When I was in elementary school, I was diagnosed with attention deficit hyperactivity disorder. Since then, I have been given extra time on every test from pop quizzes to the ACT and the SAT until this year, when I stopped asking for it. During my freshman year of high school, I was one of about 30 students in a 600-person school who was given extra time. By the time I graduated, that number had ballooned to around 100, and the whole concept became a bit of a school-wide joke. The more I thought about it, the less fair extra time seemed to me.
At my high school and at other schools across the country, an ADHD diagnosis has become more of a way for rich parents to help their kids get better grades than it is a legitimate learning disorder. To be diagnosed, a child needs to demonstrate six of nine subjective traits including "often has difficulty organizing tasks and activities," "often talks excessively" and "often interrupts or intrudes on others."

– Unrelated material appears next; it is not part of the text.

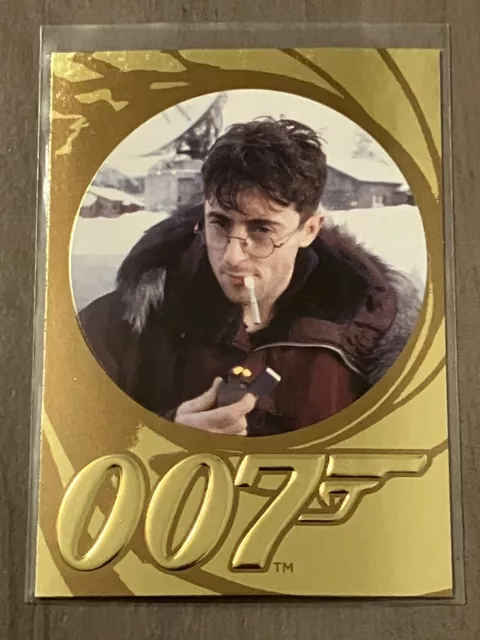 Boris Grishenko / Alan Cumming - James Bond 007 Trading Card. Goldeneye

The benefits of extra time are huge, and an ADHD diagnosis is easy to fake. I know at least two people who openly admit to faking their way through the psychiatric evaluation because they wanted a prescription for Adderall and extended time on tests. According to the Center for Disease Control, diagnoses of ADHD rose 22 percent in the four-year period from 2003 to 2007 alone. Diagnoses also vary substantially by region and are disproportionately more frequent on the East Coast. In North Carolina, 15.6 percent of teens were diagnosed with ADHD in 2008, compared to only 5.6 percent in Nevada. Such high variation in diagnosis among states should not occur for a disorder that is supposed to be primarily genetic.

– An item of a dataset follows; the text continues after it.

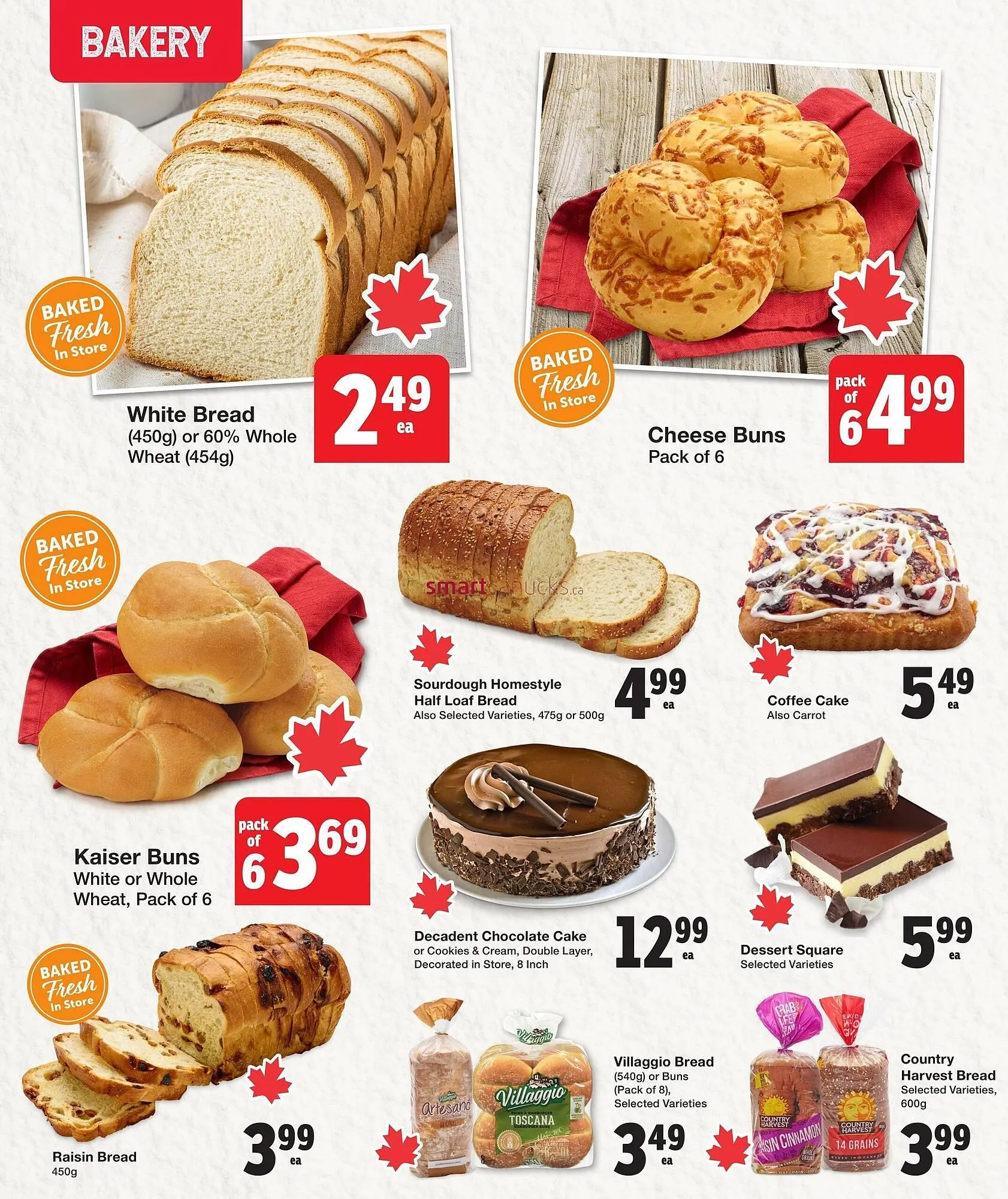 Quality Foods flyer from April 3 to April 9 2025 - flyer page 7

That said, legitimate learning disorders do exist, and not all and perhaps not even most people who use extra time do so in bad conscience. In general, however, granting some students extended time on tests gives those students an unfair advantage over other students.
A test with a time limit inherently evaluates students on both mastery of the material and speed. If someone were bad at calculus, would they get to take a trigonometry test because they can't handle the harder test? Of course not. The idea is ludicrous. Some students have difficulty coping with one of the constraints that is supposed to make the test challenging. This is how tests are supposed to work. Similarly, it is unfair to grant extra time to ADHD students on tests like timed writing, where time is the major constraint.

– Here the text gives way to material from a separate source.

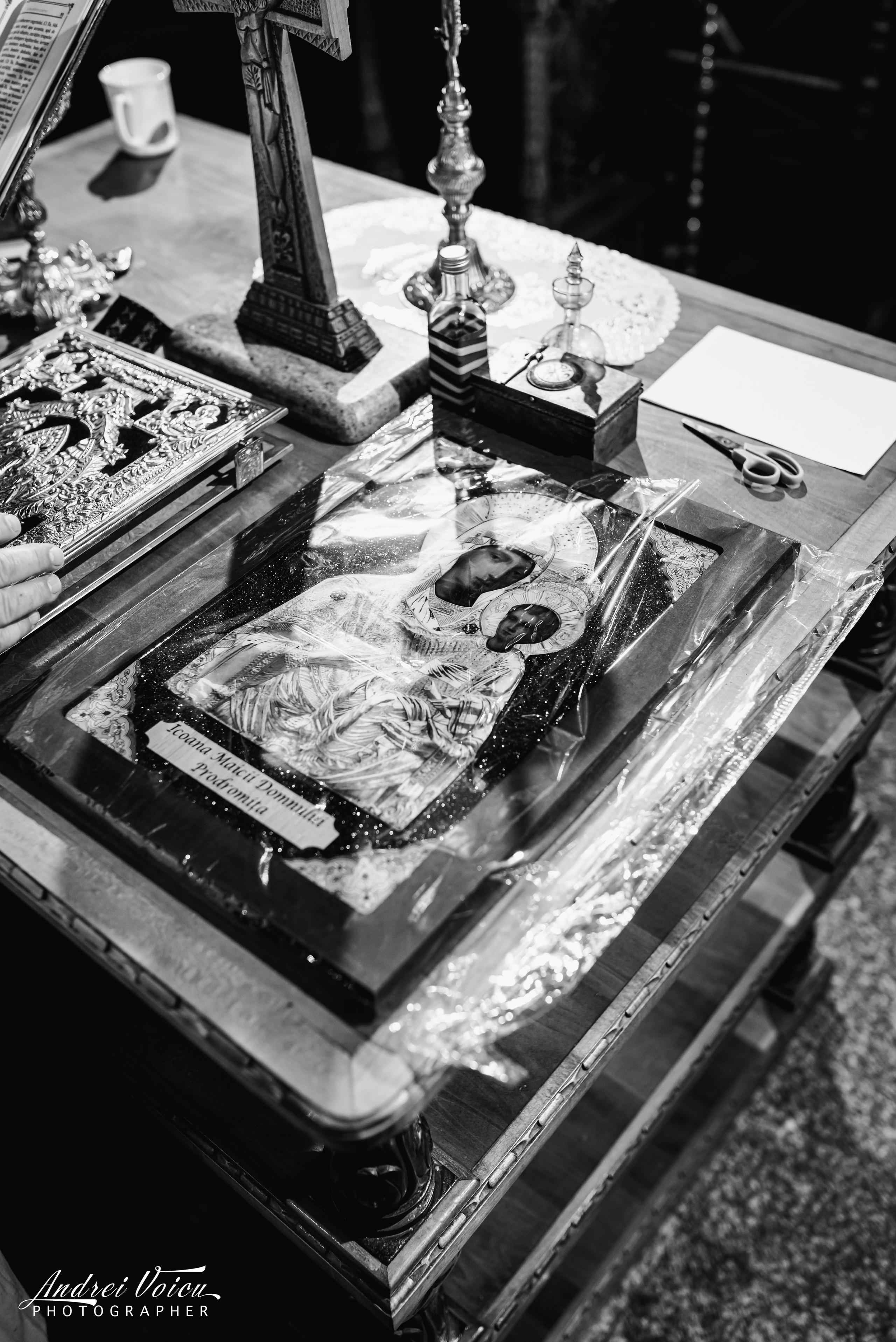 Fotografia de botez. Andrei Voicu Fotograf. Povești nescrise, surprinse atent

Extending time on tests for people who have ADHD is designed to even the playing field. However, according to a study by the College Board, students who receive extended time actually perform better on average on the SAT than those that do not. Perhaps this is because students with extra time receive an unfair advantage. There is also a disparity in the demographics of those who successfully complete the process of applying for extended time. According to a 2000 audit in California, those who receive extended time on the SAT are disproportionately white, wealthy and attend private schools.
People often justify the present situation of granting some students extended time by arguing that, in the real world, there will be a much larger emphasis on our processing power as opposed to our speed and that time constraints are usually placed on tests more for convenience than anything else. However, if time is going to be a factor in any test, it is only fair that the same time constraints be placed on everyone.
I'll be the first to admit that I probably wouldn't be here if I hadn't used extra time in high school. On the SAT alone, that advantage helped me and 55,000 other students a year achieve higher scores on one of the most important tests we will ever take. The effect of our efforts to make the education system more fair seems to have had the opposite effect.